Synaptic vesicle endocytosis is detected by light microscopy of pHluorin fused with synaptic vesicle protein and by electron microscopy of vesicle uptake.
During endocytosis, fused synaptic vesicles are retrieved at nerve terminals, allowing for vesicle recycling and thus the maintenance of synaptic transmission during repetitive nerve firing. Impaired endocytosis in pathological conditions leads to decreases in synaptic strength and brain functions. Here, we describe methods used to measure synaptic vesicle endocytosis at the mammalian hippocampal synapse in neuronal culture. We monitored synaptic vesicle protein endocytosis by fusing a synaptic vesicular membrane protein, including synaptophysin and VAMP2/synaptobrevin, at the vesicular lumenal side, with pHluorin, a pH-sensitive green fluorescent protein that increases its fluorescence intensity as the pH increases. During exocytosis, vesicular lumen pH increases, whereas during endocytosis vesicular lumen pH is re-acidified. Thus, an increase of pHluorin fluorescence intensity indicates fusion, whereas a decrease indicates endocytosis of the labelled synaptic vesicle protein. In addition to using the pHluorin imaging method to record endocytosis, we monitored vesicular membrane endocytosis by electron microscopy (EM) measurements of Horseradish peroxidase (HRP) uptake by vesicles. Finally, we monitored the formation of nerve terminal membrane pits at various times after high potassium-induced depolarization. The time course of HRP uptake and membrane pit formation indicates the time course of endocytosis.
Neurotransmitters are stored in synaptic vesicles and released by exocytosis. The synaptic vesicle membrane and protein are then internalized by endocytosis, and reused in the next round of exocytosis. Endocytosis of synaptic vesicles is important for maintaining synaptic vesicle pools and removes protruding vesicles from the plasma membrane. The pH-sensitive green fluorescent protein pHluorin, which is quenched in acidic circumstances and dequenched in neutral pH, has been used to measure endocytosis time courses in live cells1,2,3. The pHluorin protein is typically attached to the lumenal side of synaptic vesicle proteins, such as synaptophysin or VAMP2/synaptobrevin. At rest, pHluorin is quenched in the 5.5 pH lumen of synaptic vesicles. Vesicle fusion to the plasma membrane exposes the vesicular lumen to the extracellular solution where the pH is ~7.3, resulting in an increase in pHluorin fluorescence. After exocytosis, the increased fluorescence decays, due to endocytosis of synaptic vesicle proteins followed by vesicle re-acidification within those recovered vesicles. Although the decay reflects both endocytosis and vesicular re-acidification, it mostly reflects endocytosis, because re-acidification is faster than endocytosis in most conditions1,4. The time constant of re-acidification is 3-4 s or less5,6, which is generally faster than the 10 s or more required for vesicle endocytosis4,5. If experiments are needed to distinguish endocytosis from re-acidification, acid quenching experiments using the 4-Morpholineethanesulfonic acid (MES) solution (25 mM) with a pH of 5.5 can be used to determine whether synaptic vesicle proteins are retrieved from the plasma membrane via endocytosis1,3,4. Thus, the pHluorin fluorescence intensity increase reflects a balance of exo- and endocytosis, and the decrease after nerve stimulation specifically reflects endocytosis.

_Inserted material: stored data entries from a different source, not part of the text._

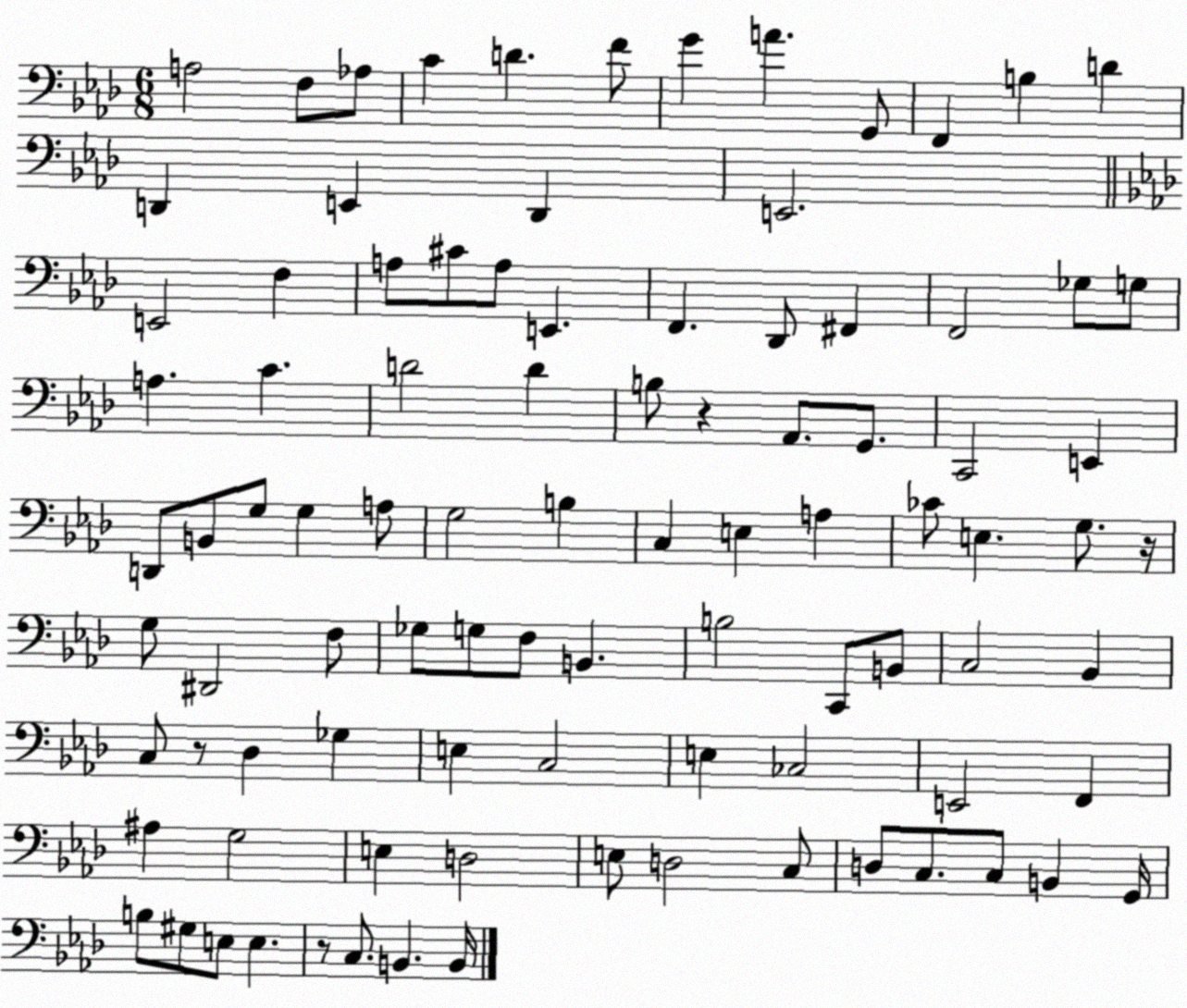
X:1
T:Untitled
M:6/8
L:1/4
K:Ab
A,2 F,/2 _A,/2 C D F/2 G A G,,/2 F,, B, D D,, E,, D,, E,,2 E,,2 F, A,/2 ^C/2 A,/2 E,, F,, _D,,/2 ^F,, F,,2 _G,/2 G,/2 A, C D2 D B,/2 z _A,,/2 G,,/2 C,,2 E,, D,,/2 B,,/2 G,/2 G, A,/2 G,2 B, C, E, A, _C/2 E, G,/2 z/4 G,/2 ^D,,2 F,/2 _G,/2 G,/2 F,/2 B,, B,2 C,,/2 B,,/2 C,2 _B,, C,/2 z/2 _D, _G, E, C,2 E, _C,2 E,,2 F,, ^A, G,2 E, D,2 E,/2 D,2 C,/2 D,/2 C,/2 C,/2 B,, G,,/4 B,/2 ^G,/2 E,/2 E, z/2 C,/2 B,, B,,/4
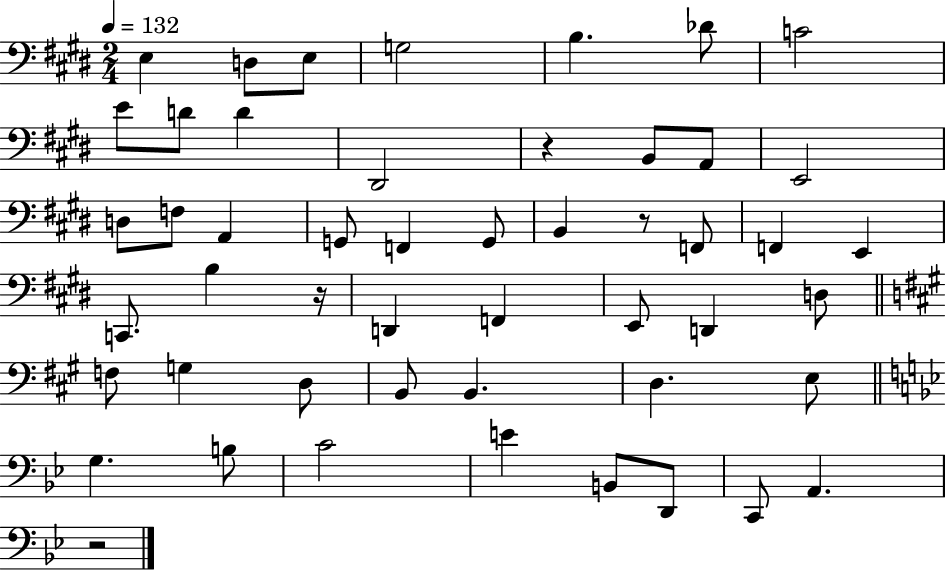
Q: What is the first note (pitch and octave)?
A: E3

pHluorin imaging may be used not only to measure the time course of endocytosis, but also the size of synaptic vesicle pools7,8, and the probability of evoked release and spontaneous release9. Many factors and proteins involved in regulating endocytosis, such as calcium, soluble NSF-attachment protein receptor (SNARE) proteins, brain-derived neurotrophic factor(BDNF), and calcineurin have been identified using pHluorin imaging1,2,10,11,12,13,14,15,16. Moreover, release of neurotransmitter could be detected in not only primary neurons but in neuroblastoma cells with TIRFM17. Recently, pHluorin variants, dsRed, mOrange and pHTomato were developed for monitoring simultaneous recordings of multiple factors in a single synapse18,19. For example, pHTomato has been fused with synaptophysin and used with a genetically encoded calcium indicator (GCaMP5K) to monitor presynaptic vesicle fusion and Ca2+ influx in the postsynaptic compartment20. Therefore, pHluorin attached to synaptic proteins provides a useful method to analyze the relationship between endocytosis and exocytosis.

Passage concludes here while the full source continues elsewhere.